# [Records shown]
--
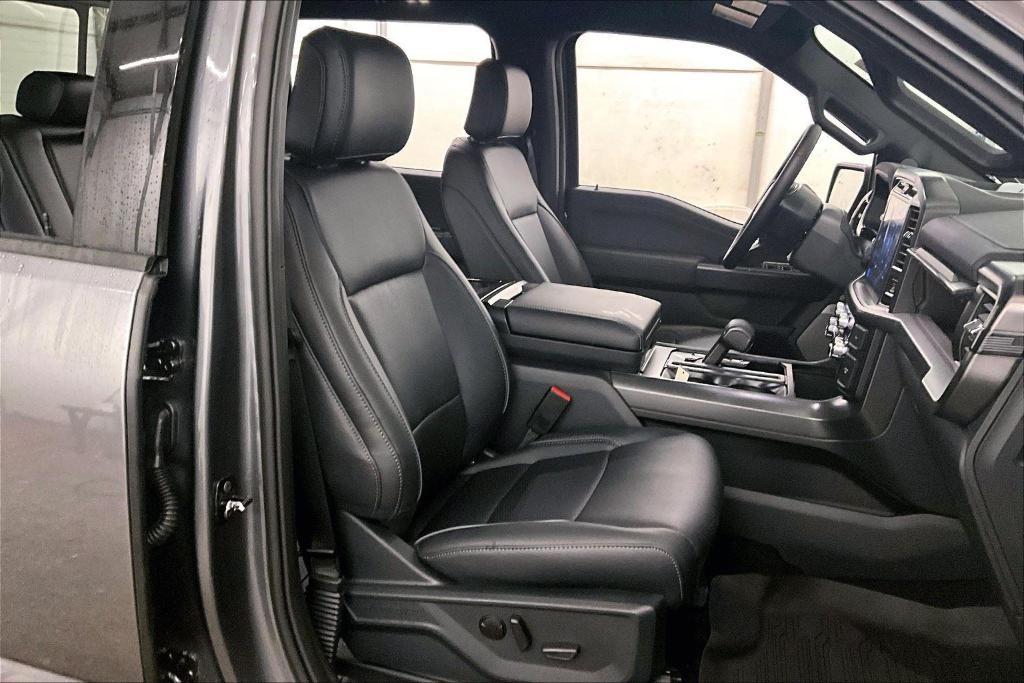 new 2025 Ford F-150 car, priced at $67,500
--
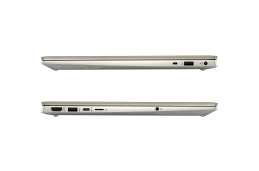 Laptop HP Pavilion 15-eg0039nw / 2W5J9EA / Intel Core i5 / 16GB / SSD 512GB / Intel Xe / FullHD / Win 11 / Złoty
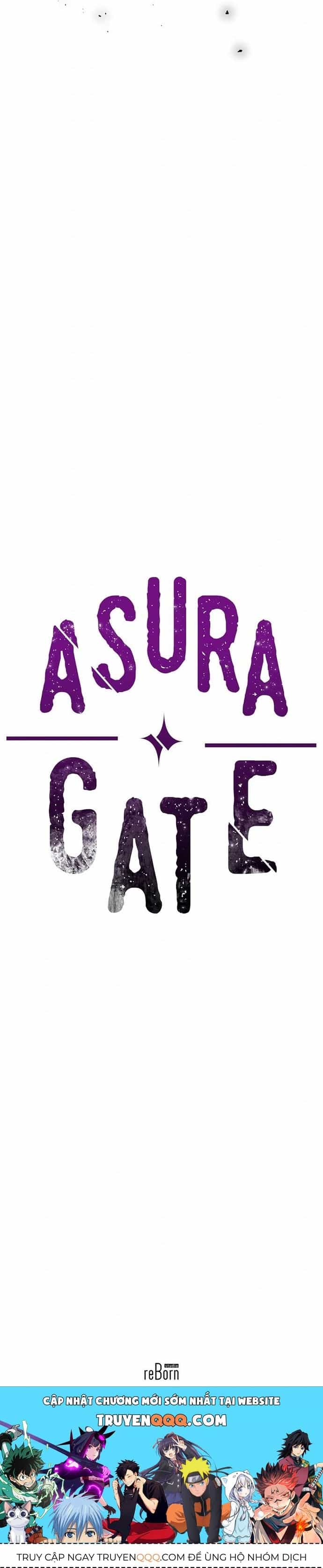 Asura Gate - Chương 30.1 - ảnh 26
--
Take only the lines above from the one that has "Laptop HP Pavilion" through the one that has "Asura Gate - Chương 30.1 - ảnh 26" and reproduce them exactly, omitting any pictures.

# [Response]
 Laptop HP Pavilion 15-eg0039nw / 2W5J9EA / Intel Core i5 / 16GB / SSD 512GB / Intel Xe / FullHD / Win 11 / Złoty
 Asura Gate - Chương 30.1 - ảnh 26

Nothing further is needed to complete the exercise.